§ What the task asks: Of the lines below, write out exactly those from the line with "Let's say we want" through the line with "Dimethoate returns with", both included, and skip the rest.

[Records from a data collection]
━━━

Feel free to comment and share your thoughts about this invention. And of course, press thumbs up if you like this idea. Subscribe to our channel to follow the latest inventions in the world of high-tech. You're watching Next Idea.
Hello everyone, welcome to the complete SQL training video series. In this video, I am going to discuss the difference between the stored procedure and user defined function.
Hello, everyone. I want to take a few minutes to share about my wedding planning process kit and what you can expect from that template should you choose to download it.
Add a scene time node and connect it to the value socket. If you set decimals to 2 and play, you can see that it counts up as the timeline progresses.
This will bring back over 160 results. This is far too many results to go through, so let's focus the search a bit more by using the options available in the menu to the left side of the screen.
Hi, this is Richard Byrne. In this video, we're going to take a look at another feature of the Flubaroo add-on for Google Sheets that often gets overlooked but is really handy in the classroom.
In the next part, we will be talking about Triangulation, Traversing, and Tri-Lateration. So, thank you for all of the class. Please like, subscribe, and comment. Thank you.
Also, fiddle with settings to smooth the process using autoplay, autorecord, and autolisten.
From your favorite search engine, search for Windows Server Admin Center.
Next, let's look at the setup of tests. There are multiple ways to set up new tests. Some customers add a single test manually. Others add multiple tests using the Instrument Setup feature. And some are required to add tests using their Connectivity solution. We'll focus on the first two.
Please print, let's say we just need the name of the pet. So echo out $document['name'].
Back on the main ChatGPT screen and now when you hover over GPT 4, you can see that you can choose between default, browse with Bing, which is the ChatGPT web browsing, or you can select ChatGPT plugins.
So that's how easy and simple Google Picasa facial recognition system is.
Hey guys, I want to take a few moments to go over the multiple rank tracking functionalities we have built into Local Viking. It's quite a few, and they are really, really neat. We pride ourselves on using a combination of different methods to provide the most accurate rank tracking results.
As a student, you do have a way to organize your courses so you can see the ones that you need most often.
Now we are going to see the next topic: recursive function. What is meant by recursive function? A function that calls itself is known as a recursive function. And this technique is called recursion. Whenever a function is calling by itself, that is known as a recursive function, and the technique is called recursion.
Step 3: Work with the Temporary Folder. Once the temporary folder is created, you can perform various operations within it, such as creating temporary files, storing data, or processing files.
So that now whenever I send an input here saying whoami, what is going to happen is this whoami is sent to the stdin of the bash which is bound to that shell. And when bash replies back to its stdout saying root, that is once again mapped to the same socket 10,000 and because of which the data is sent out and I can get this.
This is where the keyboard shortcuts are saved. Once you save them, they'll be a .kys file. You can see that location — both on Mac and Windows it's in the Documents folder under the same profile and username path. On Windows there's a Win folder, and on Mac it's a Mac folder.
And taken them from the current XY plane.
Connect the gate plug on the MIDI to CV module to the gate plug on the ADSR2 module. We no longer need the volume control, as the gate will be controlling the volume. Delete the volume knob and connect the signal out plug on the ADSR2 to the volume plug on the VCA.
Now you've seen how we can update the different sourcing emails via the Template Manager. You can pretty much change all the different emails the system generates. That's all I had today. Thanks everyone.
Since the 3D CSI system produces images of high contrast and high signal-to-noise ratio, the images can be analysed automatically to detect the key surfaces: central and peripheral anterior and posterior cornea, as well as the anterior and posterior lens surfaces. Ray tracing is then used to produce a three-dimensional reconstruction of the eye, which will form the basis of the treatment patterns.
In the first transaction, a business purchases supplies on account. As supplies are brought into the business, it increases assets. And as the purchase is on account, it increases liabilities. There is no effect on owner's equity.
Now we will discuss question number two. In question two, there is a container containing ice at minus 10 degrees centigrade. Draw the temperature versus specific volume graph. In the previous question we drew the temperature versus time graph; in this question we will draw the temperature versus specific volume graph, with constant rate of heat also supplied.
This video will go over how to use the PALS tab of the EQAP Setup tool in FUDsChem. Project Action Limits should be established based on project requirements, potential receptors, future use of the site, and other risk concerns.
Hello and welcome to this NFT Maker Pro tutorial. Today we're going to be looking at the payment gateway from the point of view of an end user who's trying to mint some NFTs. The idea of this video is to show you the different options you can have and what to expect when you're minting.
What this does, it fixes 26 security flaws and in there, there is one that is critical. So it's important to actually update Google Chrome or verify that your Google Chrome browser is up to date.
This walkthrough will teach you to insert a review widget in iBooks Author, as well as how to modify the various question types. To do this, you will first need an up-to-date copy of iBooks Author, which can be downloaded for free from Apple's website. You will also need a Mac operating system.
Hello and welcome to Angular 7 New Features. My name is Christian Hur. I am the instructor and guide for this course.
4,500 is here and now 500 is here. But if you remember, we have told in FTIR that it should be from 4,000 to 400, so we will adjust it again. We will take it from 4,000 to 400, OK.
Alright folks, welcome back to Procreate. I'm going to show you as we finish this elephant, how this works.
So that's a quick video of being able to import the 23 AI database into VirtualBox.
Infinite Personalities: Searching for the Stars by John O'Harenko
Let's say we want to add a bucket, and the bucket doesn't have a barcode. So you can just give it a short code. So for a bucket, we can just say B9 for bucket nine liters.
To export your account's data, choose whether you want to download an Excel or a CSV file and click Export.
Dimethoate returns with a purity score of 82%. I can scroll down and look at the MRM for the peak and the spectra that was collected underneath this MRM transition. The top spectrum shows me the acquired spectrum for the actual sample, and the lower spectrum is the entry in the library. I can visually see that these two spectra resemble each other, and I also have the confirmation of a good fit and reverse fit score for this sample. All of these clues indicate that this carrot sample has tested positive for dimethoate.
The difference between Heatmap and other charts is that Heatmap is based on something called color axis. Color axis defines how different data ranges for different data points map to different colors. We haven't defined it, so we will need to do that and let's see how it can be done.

━━━

§ Response area:
Let's say we want to add a bucket, and the bucket doesn't have a barcode. So you can just give it a short code. So for a bucket, we can just say B9 for bucket nine liters.
To export your account's data, choose whether you want to download an Excel or a CSV file and click Export.
Dimethoate returns with a purity score of 82%. I can scroll down and look at the MRM for the peak and the spectra that was collected underneath this MRM transition. The top spectrum shows me the acquired spectrum for the actual sample, and the lower spectrum is the entry in the library. I can visually see that these two spectra resemble each other, and I also have the confirmation of a good fit and reverse fit score for this sample. All of these clues indicate that this carrot sample has tested positive for dimethoate.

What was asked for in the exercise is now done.